Wednesday, July 28, 2021
Home > News > Crime & Law > Polda Banten Implementasi PPKM Level 4, Tekan Penyebaran Covid-19

Polda Banten Implementasi PPKM Level 4, Tekan Penyebaran Covid-19


Banten-News | Crime & Law | Serang

Polda Banten mengikuti Rapat Koordinasi dalam Implementasi Pemberlakukan Pembatasan Kegiatan Masyarakat (PPKM) Level 4 di Wilayah Jawa-Bali melalui aplikasi Zoom Meeting di ruang Vicon Mapolda Banten, Rabu (14/07/2021).

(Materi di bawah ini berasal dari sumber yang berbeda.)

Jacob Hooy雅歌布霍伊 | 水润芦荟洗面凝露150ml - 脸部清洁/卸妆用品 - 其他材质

Rapat tersebut dipimping langsung oleh Menteri Koordinator Bidang Kemaritiman dan Investasi (Menko Marves) Republik Indonesia Luhut Binsar Pandjaitan, M.P.A

Turut hadir dalam rapat tersebut ialah Kapolda Banten Irjen Pol Dr. Rudy Heriyanto, Wakapolda Banten, dan para PJU Polda Banten.

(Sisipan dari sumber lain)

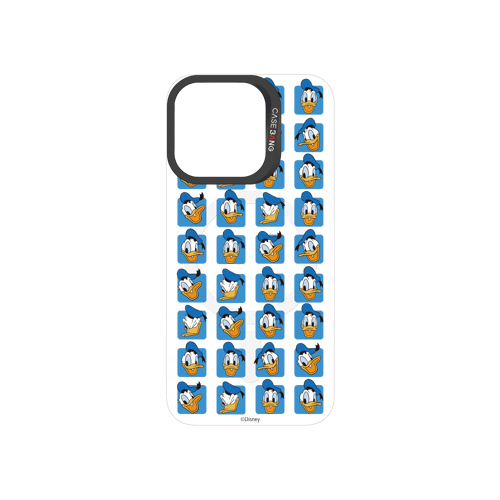 Donald Duck snap-on phone case cover for iPhone and Samsung | CASEBANG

Saat ditemui, Irjen Pol Rudy Heriyanto mengatakan bahwa pemerintah tidak lagi menggunakan istilah PPKM Darurat tetapi memilih istilah PPKM Level 4.

“Ya, hal itu sesuai dengan Inmendagri Nomor 22 Tahun 2021 tentang PPKM Level 4 di Wilayah Jawa-Bali, dan tertuang dalam instruksi nya bahwa PPKM diperpanjang hingga 25 Juli 2021,” ujar Kapolda Banten.

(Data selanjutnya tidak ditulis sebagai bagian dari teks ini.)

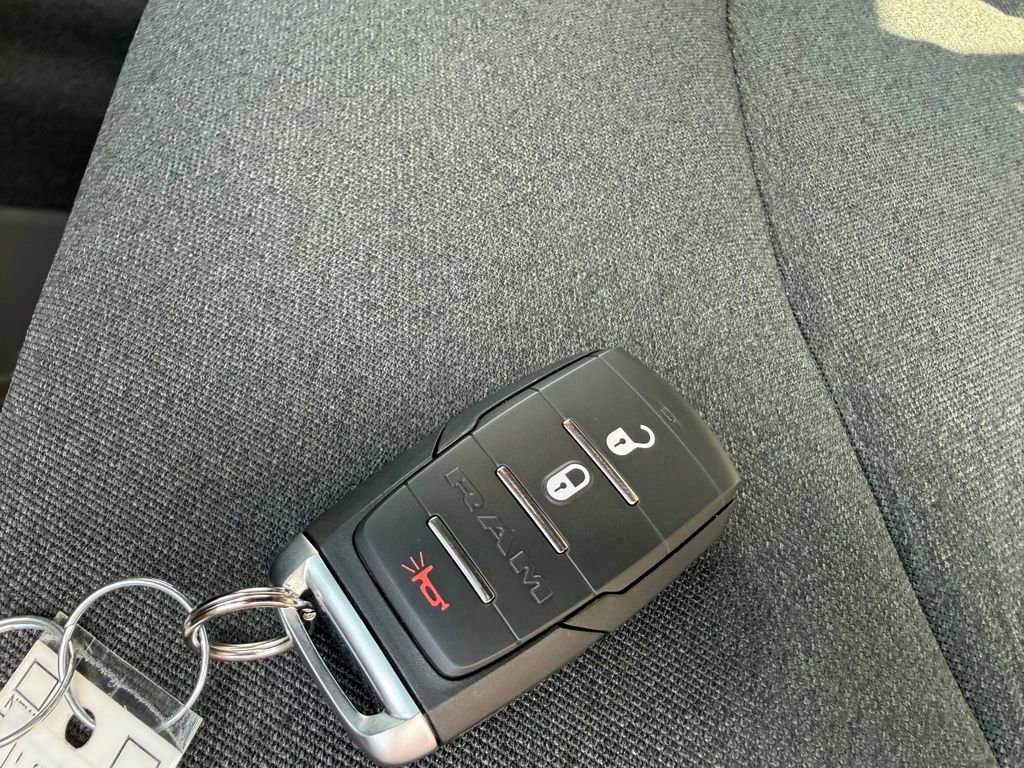 New 2026 RAM 2500 Tradesman image 30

Keputusan diperpanjangnya PPKM Level 4 Hingga tanggal 25 Juli 2021 diambil setelah mengevaluasi pelaksanaan PPKM  Darurat yang berlaku sejak 3 Juli 2021 hingga berakhir sampai 20 Juli 2021.

Kemudian, dalam rapat tersebut agar para kepala daerah terus menggencarkan pelaksanaan _Testing, Tracing, dan Treatment_ serta pembatasan aktivitas dan mobilitas di wilayah Jawa-Bali.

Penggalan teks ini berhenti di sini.